_Goal of the exercise_:
Exclude the pictures and set down, unaltered, the lines from the one that holds "Bộ Y tế: Tiêm" through the end of the data.

_Input_:
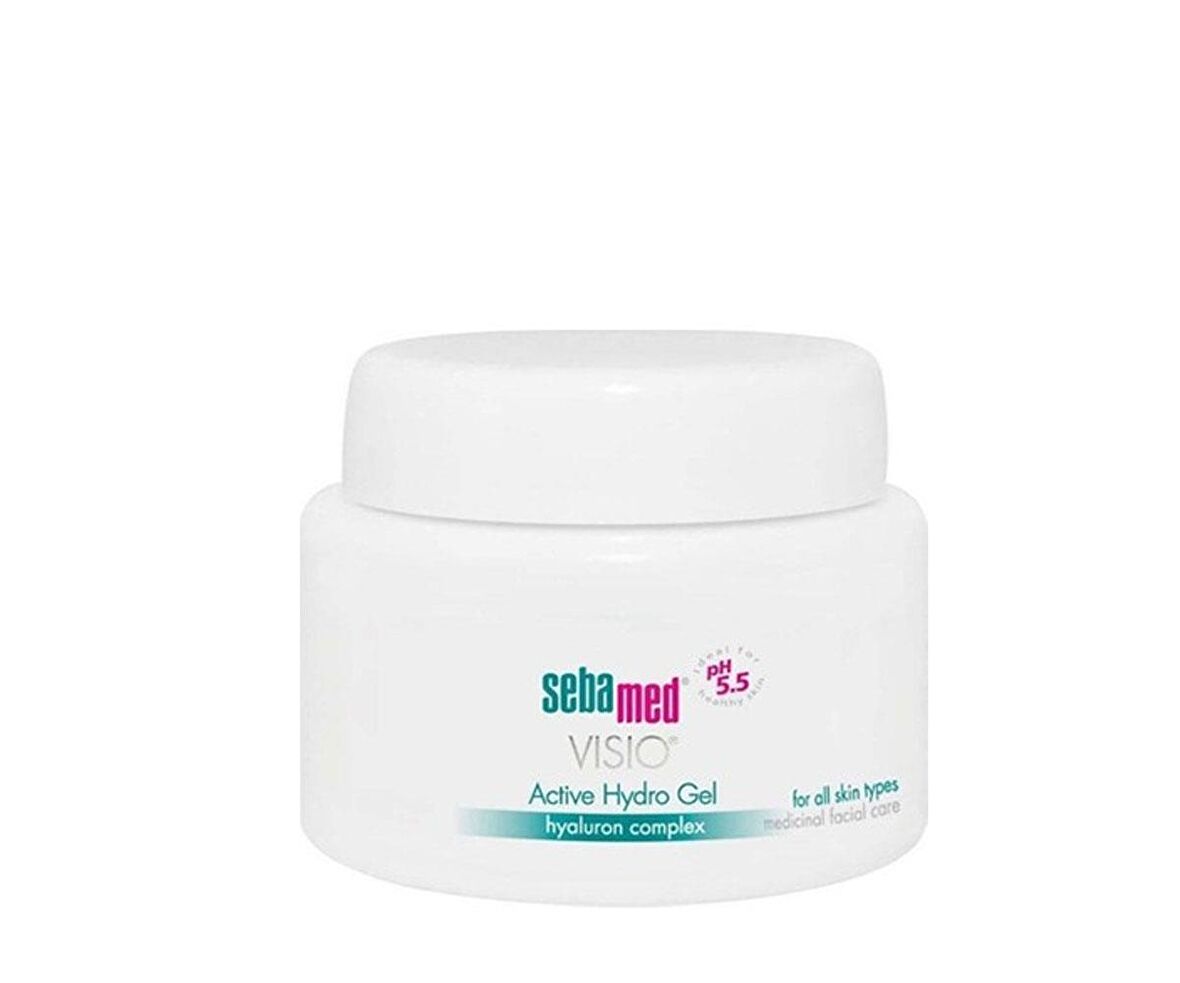 Sebamed Visio Nemlendirici Yüz Jeli 50 ml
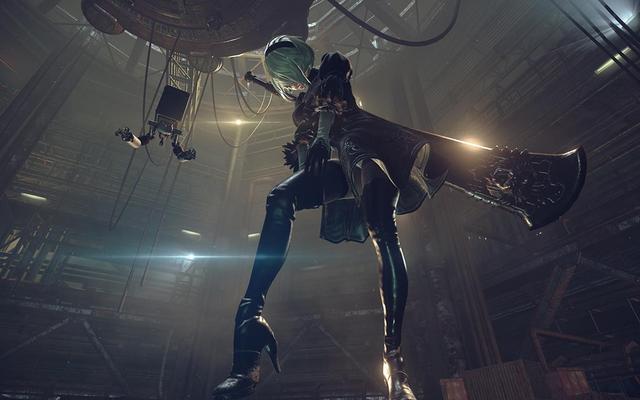 AnimeNier: Automata Nier  from Chrome web store to be run with OffiDocs Chromium online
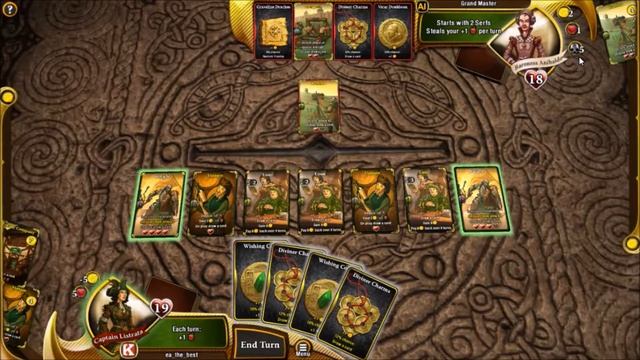 [War of Omens] BEST DECK LISTRATA CAMPAIGN CHAPTER 8 BONUS BATTLE!!! смотреть онлайн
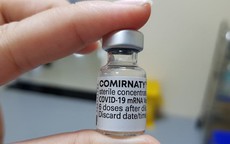 Bộ Y tế: Tiêm vaccine Pfizer cho trẻ từ 5-11 tuổi liều 0,2ml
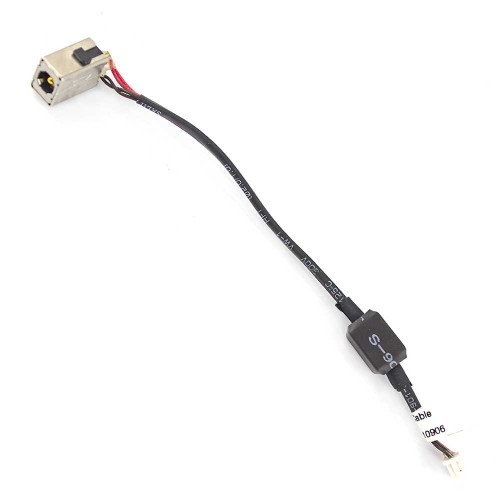 Роз'єм живлення для HP Mini 110-3500 110-3600 110-3700 210-2000 210-210 Series, (627616-001, 622329-001, 627607-001, з проводом/кабелем )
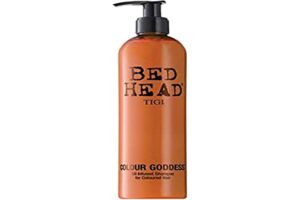 tigi bed head colour goddess shampoo, 13.5 fluid ounce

_Task output_:
 Bộ Y tế: Tiêm vaccine Pfizer cho trẻ từ 5-11 tuổi liều 0,2ml
 Роз'єм живлення для HP Mini 110-3500 110-3600 110-3700 210-2000 210-210 Series, (627616-001, 622329-001, 627607-001, з проводом/кабелем )
 tigi bed head colour goddess shampoo, 13.5 fluid ounce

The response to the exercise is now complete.